First, a cool video.
I don't know who these guys are, but they touched upon so many things in a short film without a word of dialogue. The comparison between typewriter and piano is beautifully done. I also appreciated how they hint at women's role in the office post-World War II. The typewriter gave them a skill by which they could claim a little independence, but they were dreaming of bigger things.
|The only thing that I plan to replace.|
|This sealed the deal. I love dealership stickers!|
|It's because I didn't use a color photograph...|
|Studio 45 in perfect working order. $10|
|Remington Quiet Riter. Carriage is stuck for some reason. $9|
|Post-war QDL with a dealership sticker from Paducah! But no way was I gonna drop $100...|
Against my intentions (and maybe my better judgement too) I came home with a 1961 Skyriter made in England.
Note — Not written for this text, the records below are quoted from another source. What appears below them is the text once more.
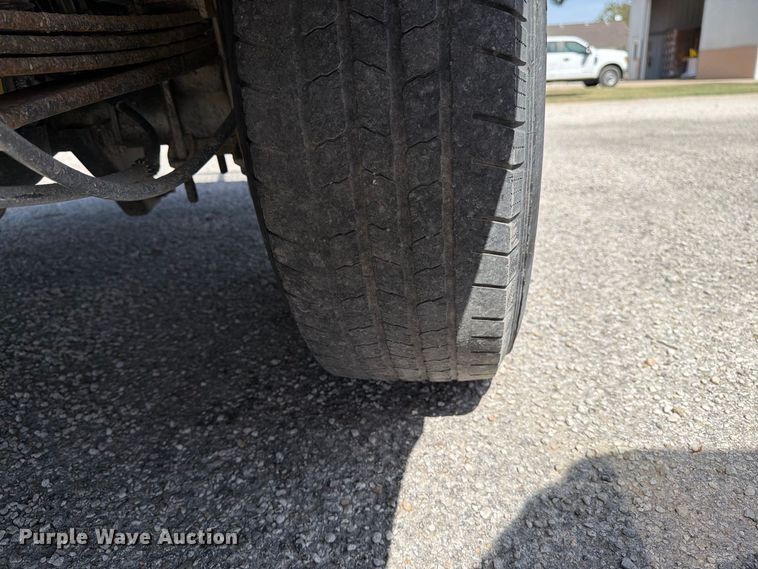image for item EP7702 2019 Ford F350 Super Duty Crew Cab pickup truck
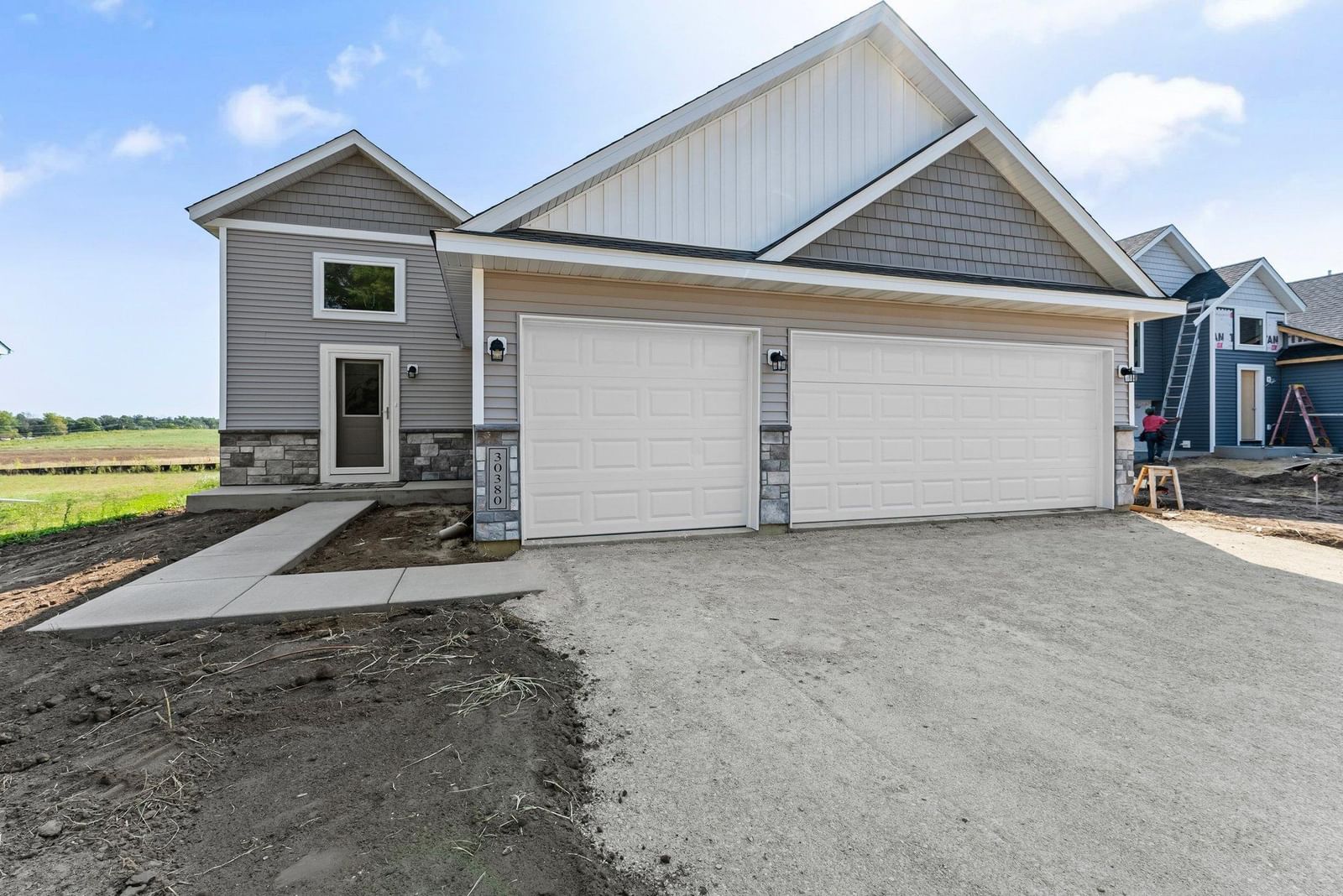 569 Sienna Drive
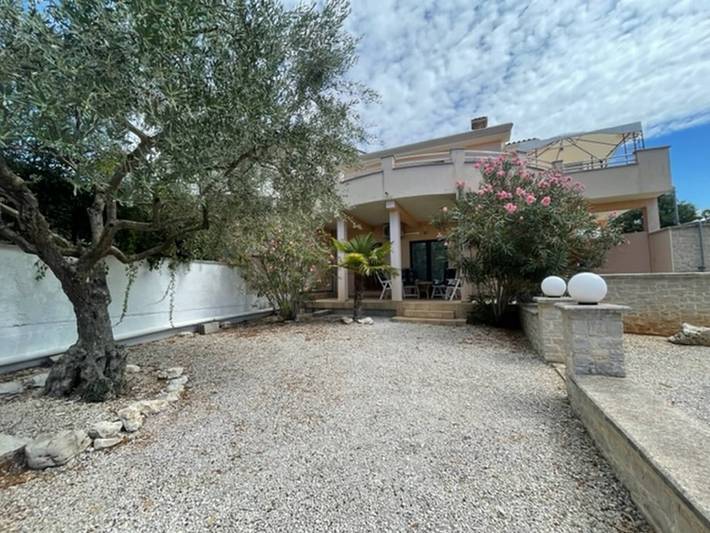 Ferienwohnung für 4 Personen, mit Garten und Pool sowie Terrasse, kinderfreundlich in Nova Vas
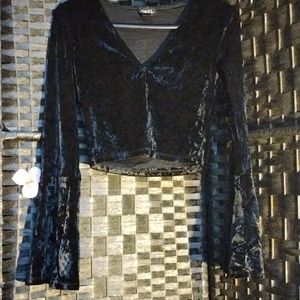 🖤 Rue21 Long Sleeve Bell Bottom Top 🖤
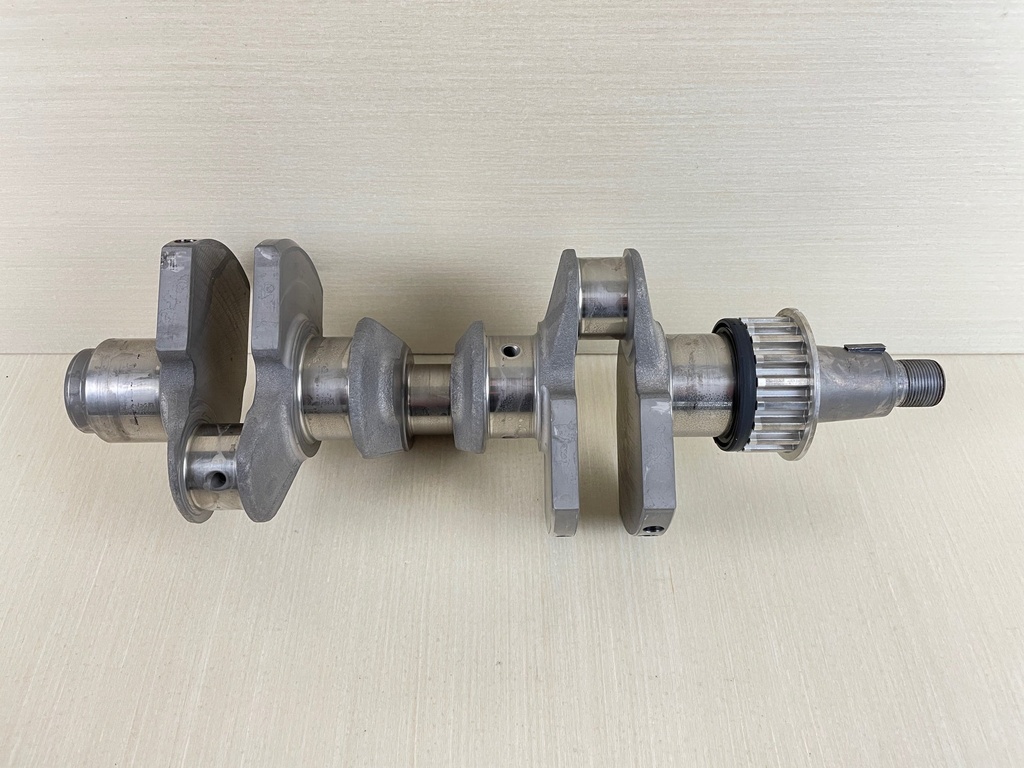 2002 Yamaha 30HP F30 4 Stroke Outboard Crankshaft Assembly 67C-11411-00-00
For $7.95, I couldn't resist. I was thinking, "Hmm, fix it and flip it!" The only problems that I could see was a latch-less zipper on the case and a disconnected margin bar. Because of this, the bell didn't work properly.
So, with an online guide, I set to work.
Here's a list of what's wrong with it now:
- Space bar won't advance carriage
- Keys don't advance carriage
- Backspace kaput
- Shift kaput
- Type slugs do not make contact with platen because carriage is not properly seated
Ok, I did get the margin bar installed and the bell works. I was so proud of myself.
What I did not realize was how many things came undone while I was taking the frame off and removing the carriage.
|Margin release bar screw.|
|Backspace screw. It is now stuck in place; won't screw in or out.|
Not sure how I'm gonna fix this...
|Left pivot screw, which you have to remove to remove carriage from the frame.|
|Right pivot screw.|
|Carriage after I "repaired" it.|
So, after three hours and $7.95, I am now the proud owner of a 1961 Skyriter in pieces under my bed.
What I thought would be an easy first-time repair job turned into a disaster. The only silver lining at this point is that nothing is truly broken, so I won't have to order parts. I'll just have to take the whole thing apart and try again.
A British typewriter that's in dire straights? I know the perfect name.
The screw in question finally came out after much prying. The threads are stripped, so it'll have to be replaced. Hopefully, that's the only part I'll have to get.